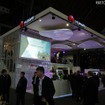 Huaweiの展示ブース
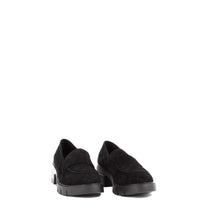 Load image into Gallery viewer, NARDA | BLACK SUEDE
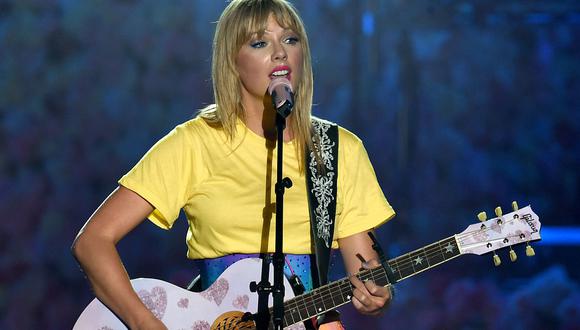 Taylor Swift encabeza el concierto del&nbsp;Prime Day 2019 (Foto: AFP)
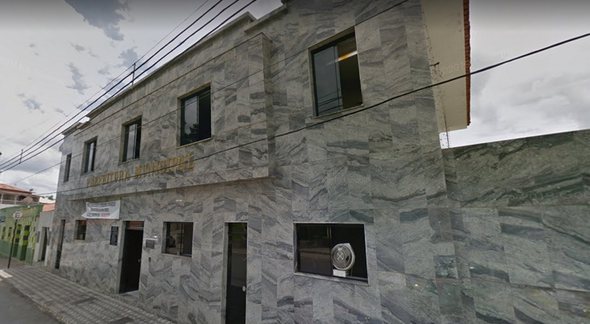 Concurso Prefeitura de Piracema - sede do Executivo - Google Street View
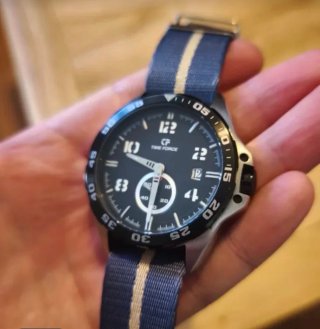 Reloj Time Force TF3327M C. Ronaldo colección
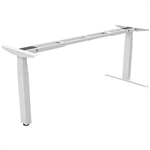 RAPIDLINE BOOST PLUS EXECUTIVE FRAME WHITE SATIN PC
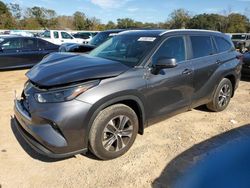 Salvage cars for sale at Theodore, AL auction: 2023 Toyota Highlander L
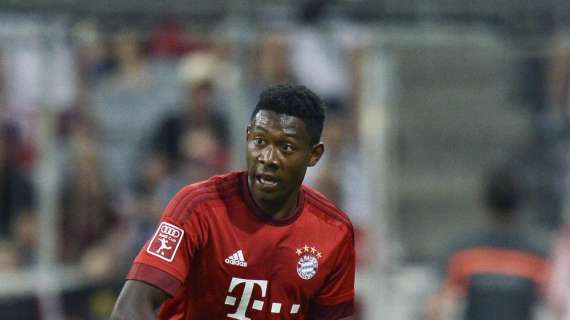 Alaba spiega l'addio al Bayern: "Voglio provare qualcosa di nuovo"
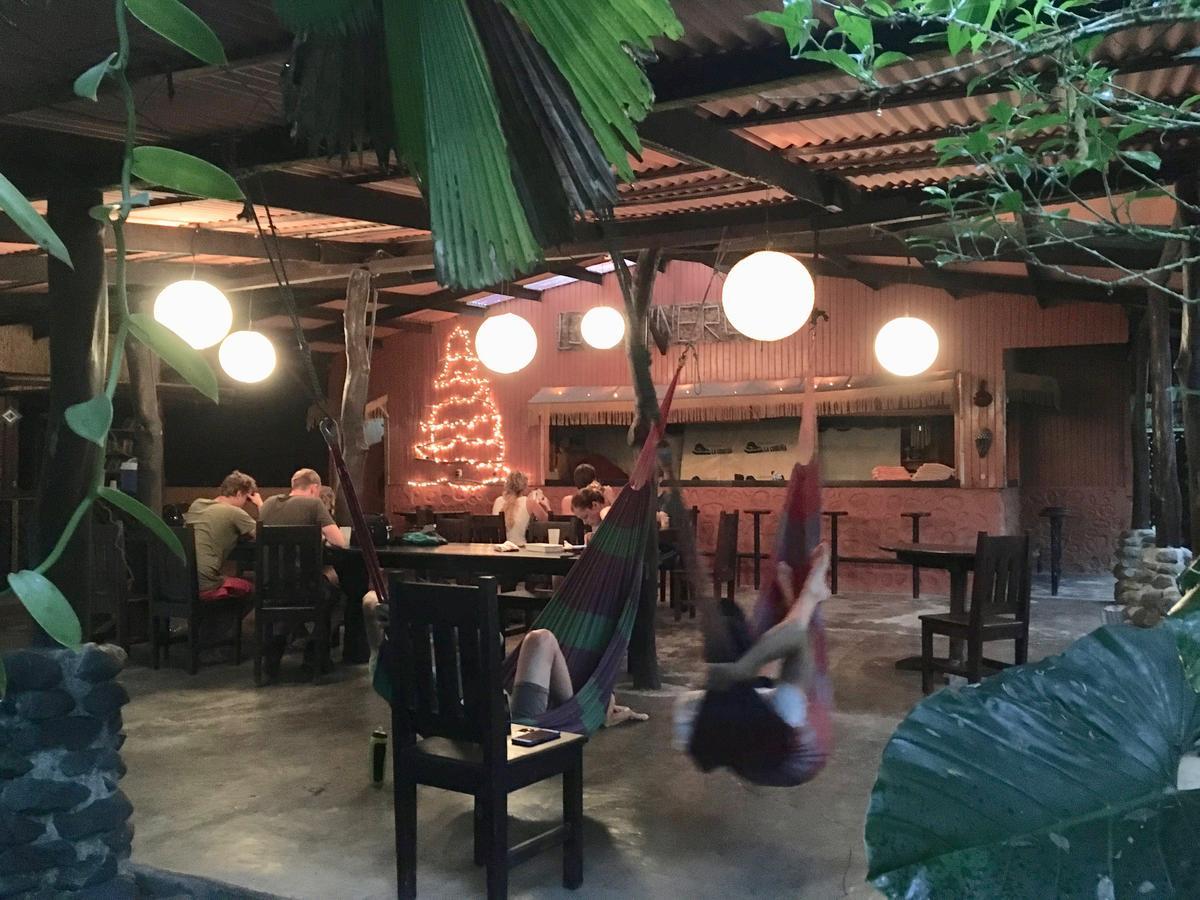 Los Mineros Guesthouse Dos Brazos المظهر الخارجي الصورة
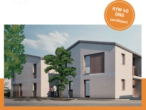 Apartmentcharakter statt Pflegeheim – modernes Service-Wohnen Plus nach neuestem KfW-40 QNG-Standard - Außenbild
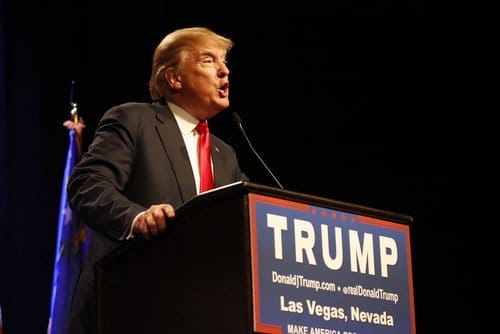 Rasmussen: Donald Trump Remains Top Dog in GOP Contest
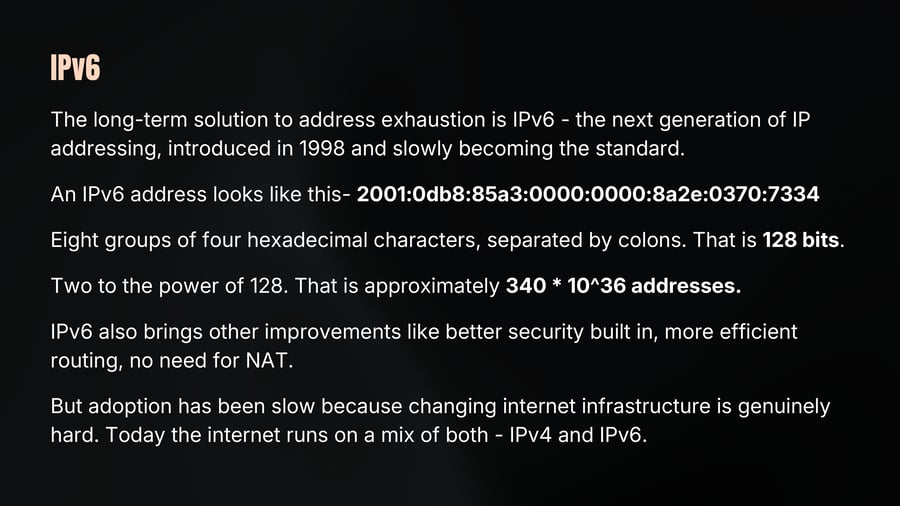 IPv6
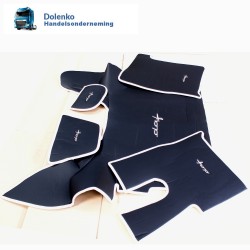 DAF Type CF Automaat - Tunnelhoezen en Vloermatten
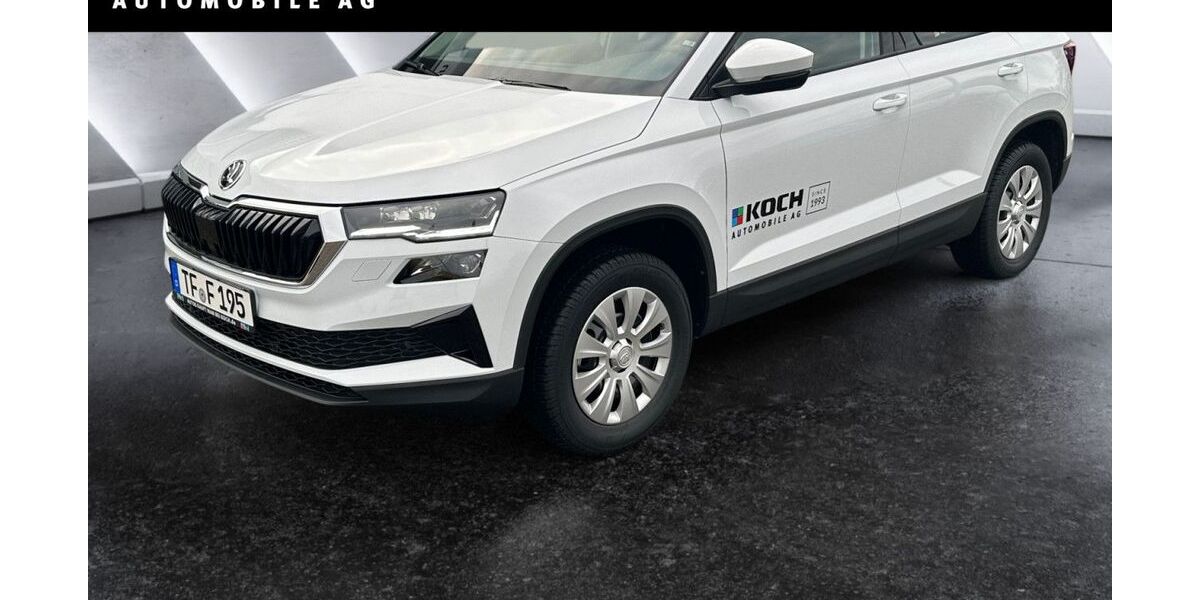 Skoda Karoq 9.990 km 34.870 &euro; Ludwigsfelde 14974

....

◆ **Action item**: Set down word for word the lines beginning with the one containing "Salvage cars for" and ending with the last line of the listing, inclusive. Omit every picture.

◆ **Result of this exercise**:
 Salvage cars for sale at Theodore, AL auction: 2023 Toyota Highlander L
 Alaba spiega l'addio al Bayern: "Voglio provare qualcosa di nuovo"
 Los Mineros Guesthouse Dos Brazos المظهر الخارجي الصورة
 Apartmentcharakter statt Pflegeheim – modernes Service-Wohnen Plus nach neuestem KfW-40 QNG-Standard - Außenbild
 Rasmussen: Donald Trump Remains Top Dog in GOP Contest
 IPv6
 DAF Type CF Automaat - Tunnelhoezen en Vloermatten
 Skoda Karoq 9.990 km 34.870 &euro; Ludwigsfelde 14974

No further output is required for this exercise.